Justin Turner said he was unnerved witnessing a 10-year-old boy getting struck in the face with a foul ball off the bat of Florida’s Greg Dobbs during the ninth inning of Game 1 of Monday’s doubleheader.
Turner gave his jersey to the family.
“It hit him right between the eyes,” Turner said. “It’s probably one of the baddest things I’ve ever seen on a baseball field. I saw it hit him. He didn’t move. I heard his mom screaming. I looked over. Blood was squirting out of his forehead onto his mom. It was pretty disturbing. I haven’t heard yet if he was all right or not, but he was talking when they were wheeling him through here. …
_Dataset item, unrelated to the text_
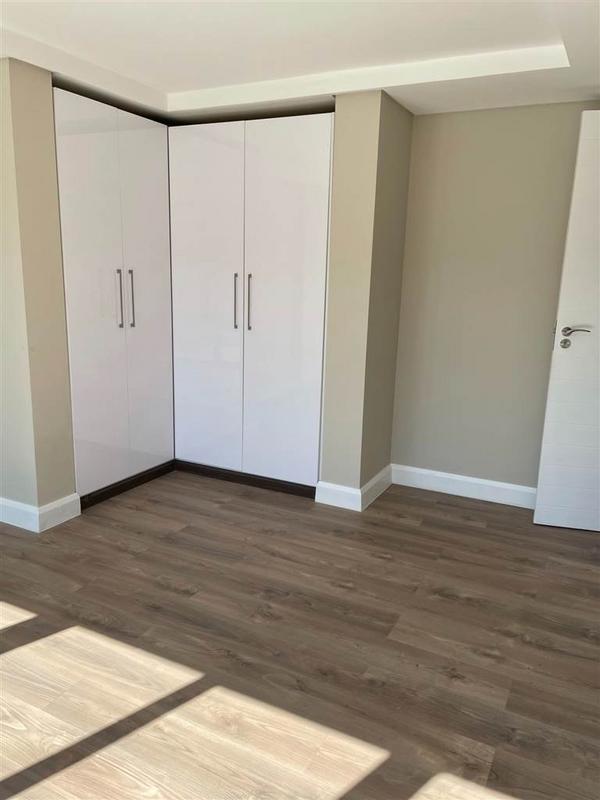 5 Bedroom Property for Sale in Waterfall Country Estate Gauteng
“I saw the whole thing. I don’t even think he moved. Some guys in the front row I think jumped up for it and probably blocked him from even seeing it. It didn’t even look like he flinched or moved or anything. It hit him square. I felt sick to my stomach. I talked to Nick (Evans). He was right next to me. He saw the whole thing too. Both of us felt pretty sick to our stomachs when we saw it. You never want to see anything like that happen, especially to a 10-year-old kid.”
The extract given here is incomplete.